Justice Minallah then added that as per Supreme Court directives, NAB had to conduct an extensive investigation. "Did you probe into their known sources of income?"
However, Qureshi said, "Supreme Court's law does not apply here."
Justice Minallah then asked where the chart regarding the sources of income is and if he should write that the SC law does not apply here. Qureshi then responded in the affirmative.
Further, responding to Justice Minallah's question whether the chart regarding the sources of income is unrelated, Qureshi said it was.
Qureshi also replied in the affirmative when Justice Minallah said that he has upheld that the burden of proof does not lie on NAB since the properties are located in a foreign country.
Justice Minallah then questioned, "Were such exercises conducted in the case of an official? We are asking about former presidents and premiers."

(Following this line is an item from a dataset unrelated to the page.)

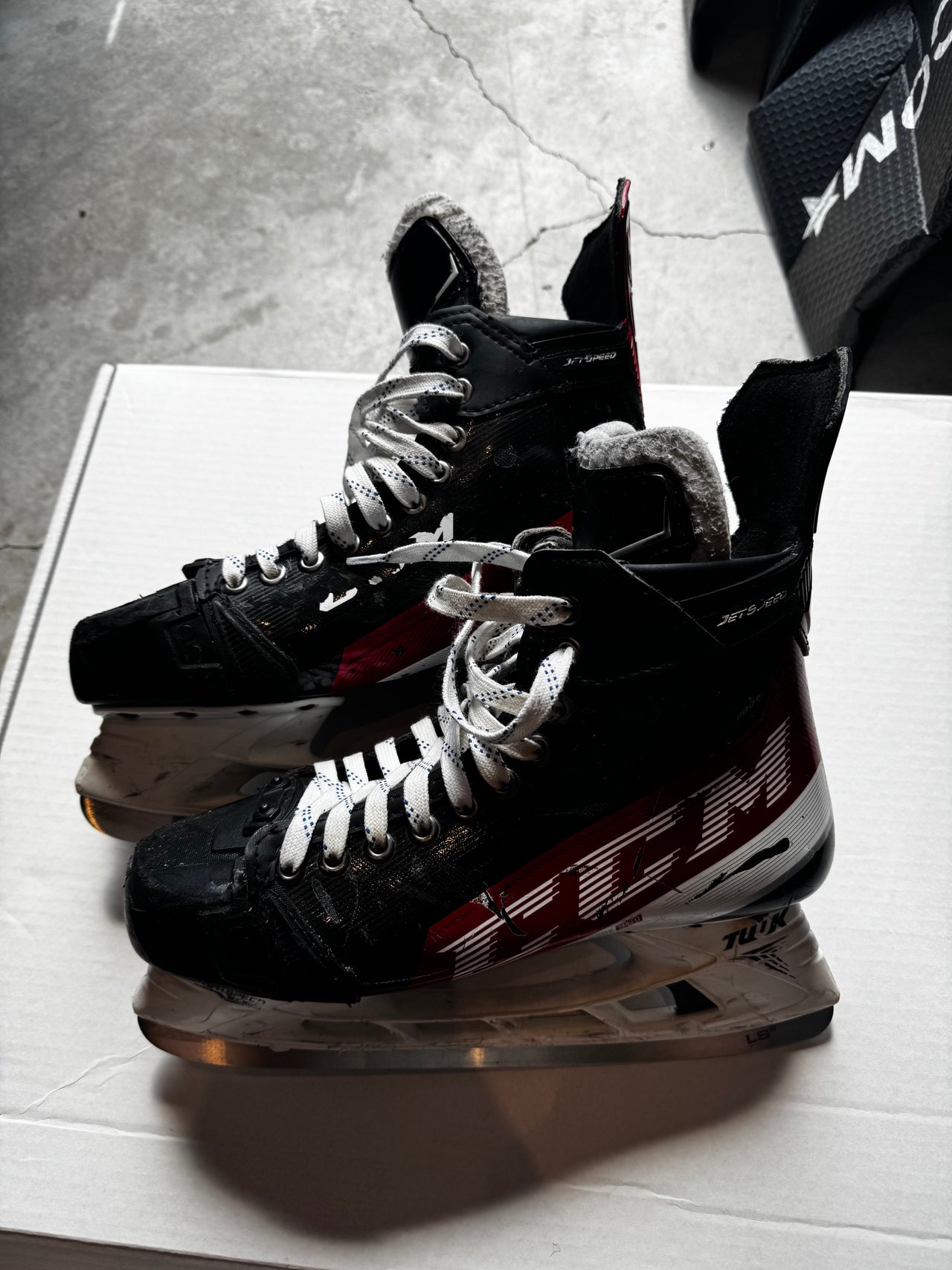 CCM FT4 PRO Skate Size 8.5 Used Regular Width Pro Stock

"Such was done in the cases of Hakim Ali Zardari and Ahmed Riaz Sheikh," the NAB prosecutor replied. "The burden of proof was also on the accused in both the cases."

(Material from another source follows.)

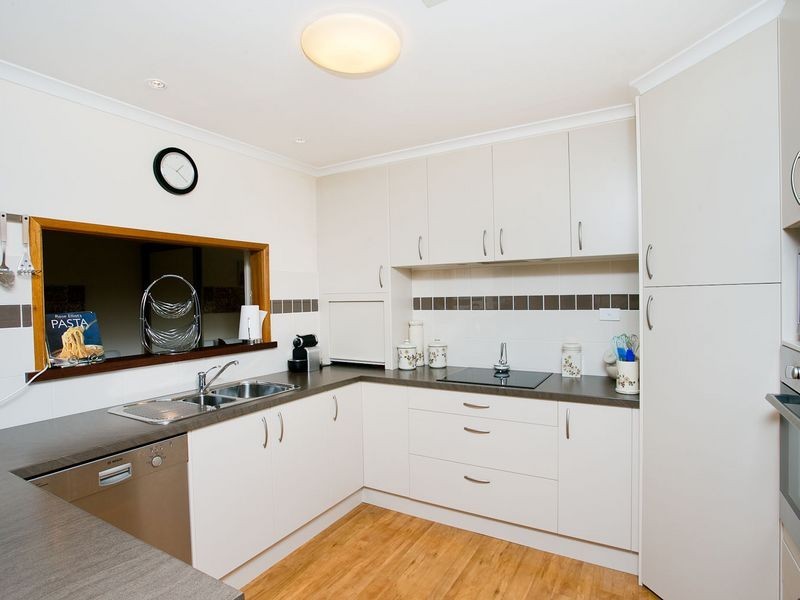 16 Charlton Crescent, Gordon ACT 2906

The NAB prosecutor then concluded his arguments.
Additional prosecutor general Jehanzeb Bharwana then requested for a brief argument and contended that the trust deed submitted by Maryam was fake.
Justice Minallah then asked the additional prosecutor general if he agrees with Qureshi that this is a case of first impression. Bharwana replied in the affirmative.
The judge then asked who prepared the chart on the known sources of income. "Where is the person who made the chart and if they appeared before court then we would have conducted arguments over it."
Justice Aurangzeb then asked, "What is the rush in the case? This case is being fought through NAB's prosecutor general."
Justice Minallah then remarked, “Maryam could only have assisted if she played a role in the purchase of the properties.”
Qureshi then responded, “It is not necessary to know the worth of the properties as the flats, lavish lifestyle and media interviews are present.”
As the NAB prosecutor concluded his arguments, Nawaz's counsel, Khawaja Harris, presented brief arguments after which the court reserved its judgment.
Accountability court judge Mohammad Bashir had on July 6 convicted Nawaz, Maryam and Capt (retd) Safdar in the Avenfield properties reference and sentenced them to 11 years, eight years and one year, respectively, in prison.
Nawaz and Maryam were arrested on July 13 upon arrival in Lahore from London.
On July 16, the Sharifs had filed appeals for the Avenfield verdict to be overturned.
Further, the Supreme Court on Monday rejected a petition filed by the NAB challenging the IHC's decision to hear Sharifs' petitions against the Avenfield verdict.
On September 15, the anti-graft body had moved the Supreme Court in an effort to keep the IHC from ruling on an application from the Sharif family seeking the suspension of the Avenfield verdict. However, imposing a Rs20,000 fine on the bureau, Chief Justice Mian Saqib Nisar noted that justice should be served to petitioners.